You can make a hybrid solution. Make a hash table where each slot is a binary tree. Say 1024 slots, each with a binary tree. Collisions on the hash go to the binary tree, no need to block everything on the insert, just the tree that needs to be updated.
In addition, if you use atomic operations and some kind of trick, you can make it even more parallel, avoiding full blocking. Atomic update to insert a new node, if atomic update shuts down, another thread adds node, just loop again until you succeed.
I already did this https://github.com/exodist/GSD/tree/master/Structures
This is a highly competitive hash / tree hybrid. It uses atomic operations, not mutexes. It can rotate on the insert, but it never blocks reading or updating existing keys. It can be changed / balanced / etc. You can move all entries, etc. Manages its own memory and has callbacks for ref-counting references / values.

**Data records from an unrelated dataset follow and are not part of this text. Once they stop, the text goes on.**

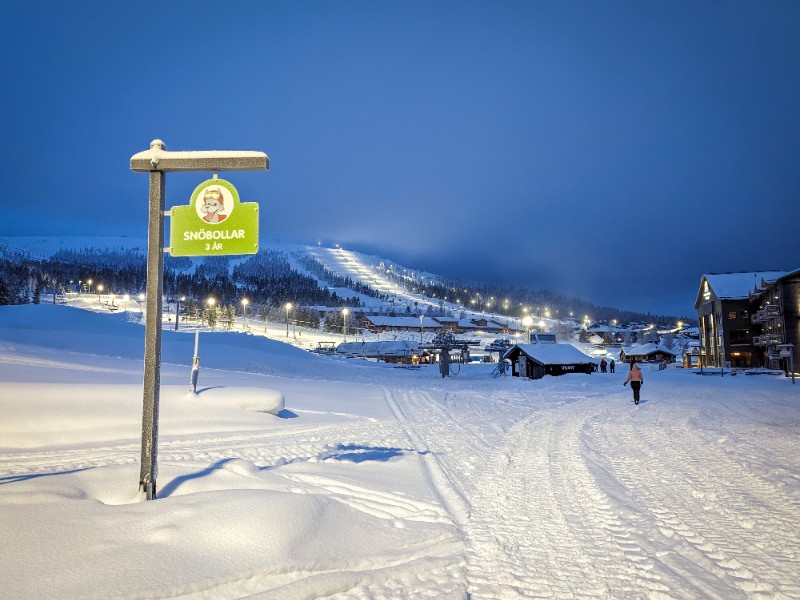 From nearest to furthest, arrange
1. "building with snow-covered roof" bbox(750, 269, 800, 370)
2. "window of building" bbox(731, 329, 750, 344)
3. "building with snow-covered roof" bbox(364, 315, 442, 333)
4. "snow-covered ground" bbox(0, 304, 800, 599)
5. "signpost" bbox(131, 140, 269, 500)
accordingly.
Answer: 1. "snow-covered ground" bbox(0, 304, 800, 599)
2. "signpost" bbox(131, 140, 269, 500)
3. "building with snow-covered roof" bbox(750, 269, 800, 370)
4. "window of building" bbox(731, 329, 750, 344)
5. "building with snow-covered roof" bbox(364, 315, 442, 333)

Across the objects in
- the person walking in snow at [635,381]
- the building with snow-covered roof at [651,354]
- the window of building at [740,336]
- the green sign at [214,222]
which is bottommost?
the building with snow-covered roof at [651,354]

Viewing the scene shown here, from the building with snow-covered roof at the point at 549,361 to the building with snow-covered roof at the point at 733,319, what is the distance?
24.1 m

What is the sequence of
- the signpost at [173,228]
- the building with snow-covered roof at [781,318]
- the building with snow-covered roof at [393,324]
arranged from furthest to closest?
the building with snow-covered roof at [393,324] < the building with snow-covered roof at [781,318] < the signpost at [173,228]

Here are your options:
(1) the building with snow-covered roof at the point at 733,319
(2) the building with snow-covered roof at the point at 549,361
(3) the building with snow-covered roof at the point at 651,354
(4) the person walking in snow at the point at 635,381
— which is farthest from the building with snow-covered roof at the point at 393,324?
(4) the person walking in snow at the point at 635,381

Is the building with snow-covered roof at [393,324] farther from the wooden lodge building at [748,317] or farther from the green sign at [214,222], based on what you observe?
the green sign at [214,222]

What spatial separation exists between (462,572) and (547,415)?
12.8m

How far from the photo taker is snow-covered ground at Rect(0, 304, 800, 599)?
3924mm

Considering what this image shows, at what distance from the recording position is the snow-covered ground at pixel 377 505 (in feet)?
12.9

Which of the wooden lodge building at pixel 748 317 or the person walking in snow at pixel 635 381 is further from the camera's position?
the wooden lodge building at pixel 748 317

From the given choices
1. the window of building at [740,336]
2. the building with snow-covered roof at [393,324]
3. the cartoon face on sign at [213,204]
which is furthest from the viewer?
the building with snow-covered roof at [393,324]

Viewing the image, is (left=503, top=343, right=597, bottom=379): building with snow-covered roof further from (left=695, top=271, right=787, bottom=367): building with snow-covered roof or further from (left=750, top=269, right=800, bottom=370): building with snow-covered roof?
(left=695, top=271, right=787, bottom=367): building with snow-covered roof

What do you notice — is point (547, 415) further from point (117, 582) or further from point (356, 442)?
point (117, 582)

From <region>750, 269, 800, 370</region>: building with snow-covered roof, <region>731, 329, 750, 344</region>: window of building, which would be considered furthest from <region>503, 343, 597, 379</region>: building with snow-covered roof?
<region>731, 329, 750, 344</region>: window of building

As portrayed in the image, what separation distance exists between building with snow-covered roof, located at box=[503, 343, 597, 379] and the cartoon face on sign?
125ft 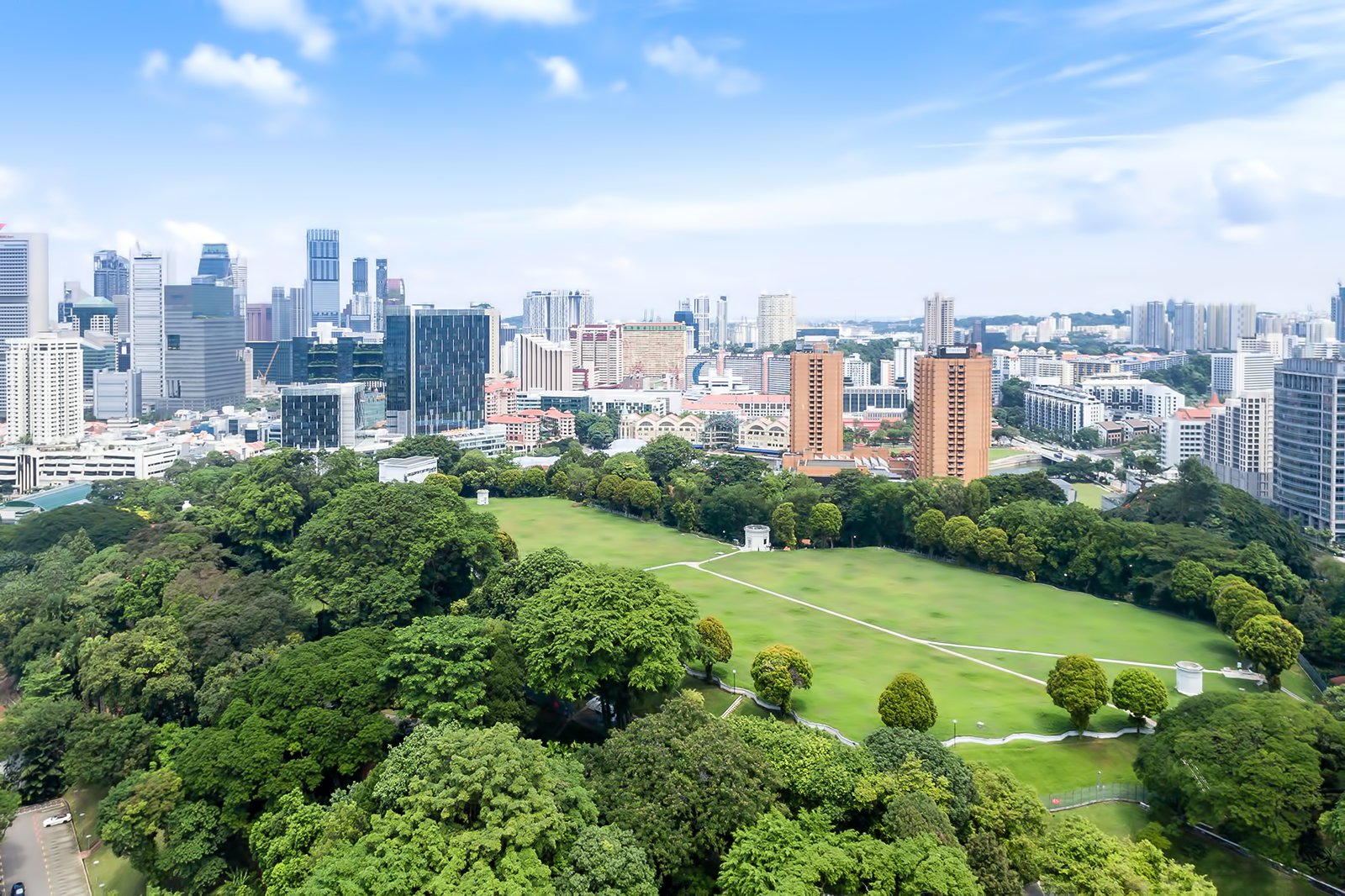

You can also โbindโ keys in one dictionary to another, so updating the key in the first changes the value of the second.
This project really increases productivity when you throw more problems when asking a problem:
(T) - how many threads are ignored by MI, slots - how many hash slots are used, and Ops - the number of elements that are inserted (divided by threads, to see how much each thread will be executed)
./performance.run T, MI, Slots, Ops: Insert Rebalance Update Resize Lookup Immute 4, 16, 1024, 5000000: 2.765500363 0.915232065 2.540659476 2.172654813 2.545409560 2.089993698 13.029449975 4, 16, 32768, 5000000: 2.122459866 1.403548309 2.413483374 1.885083901 2.092272466 2.643681518 12.560529434 4, 16, 1048576, 5000000: 1.700994809 1.063704010 2.030809367 2.457275707 1.453413924 3.671012425 12.377210242 16, 16, 1024, 5000000: 0.785675781 2.311281904 1.805610753 0.621521146 0.549546473 0.744009412 6.817645469 16, 16, 32768, 5000000: 0.497359638 0.316017553 1.257663142 0.610761414 0.390849355 0.825944608 3.898595710 16, 16, 1048576, 5000000: 0.328308989 0.647632801 1.267230625 1.139402693 0.342399827 1.189220470 4.914195405 64, 16, 1024, 5000000: 0.129407132 0.767262021 2.631929019 0.157977313 0.103848004 0.177964574 3.968388063 64, 16, 32768, 5000000: 0.087656606 0.068330231 1.365794852 0.166261966 0.079112728 0.203542885 1.970699268 64, 16, 1048576, 5000000: 0.074605680 0.284322979 1.372998607 0.650503349 0.084956938 0.828653807 3.296041360
Notes: Single launch on i7 with 8 GB of RAM. Uses the atomic gcc built-in kernels in the transition from the old __sync to __atomic, which may help performance due to memory models.